The last time VW witnessed a similar stock surge was when Porsche’s attempt to take over the company led to a short squeeze resulting in a series of investor lawsuits.

Porsche’s plan to acquire its much bigger rival faltered when the global financial crisis hit. To save Porsche from bankruptcy, VW ended up buying the sports-car maker over the course of several years, leaving only a publicly traded holding company whose main asset is VW shares.

One of the catalysts for VW’s recent share rise has been speculation the company could consider a separate listing of Porsche. Diess poured cold water on those hopes March 16, saying there is “no immediate need” for a stock offering of what is VW’s most profitable brand. VW largely will finance its overhaul from its robust cash flows, the CEO said.

Platform Approach

VW is planning to hone its common-platform approach to leveraging economies of scale across its stable of 12 brands to deploy technologies including software, batteries and charging infrastructure.

The company intends to boost its software operation’s headcount to 10,000 as it develops automated-driving features and in-car operating systems.
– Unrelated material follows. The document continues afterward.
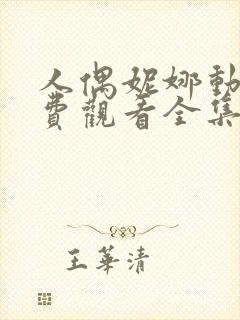 人偶妮娜动漫免费观看全集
The hiring push would make VW one of Europe’s largest software firms behind SAP SE, improving its chances of catching up to Tesla and countering the risks posed by technology companies such as Apple Inc. and Alphabet Inc.

VW also released detailed annual results across its business units for the first time:

In the section detailing Traton Group — VW’s commercial vehicle unit — the company noted recent partnerships with and acquisitions of U.S. companies, such as TuSimple and Navistar. Currently, VW does little of its truck business in North America. With these moves, however, the company said it aims to become “a global champion of the commercial vehicle industry.”

Last month, VW said it expects profitability to improve this year. It kept its dividend proposal unchanged even as analysts braced for a cut, and said rising vehicle deliveries will push up revenue up significantly. By 2025 at the latest, VW wants to generate an operating return on sales of 7% to 8%.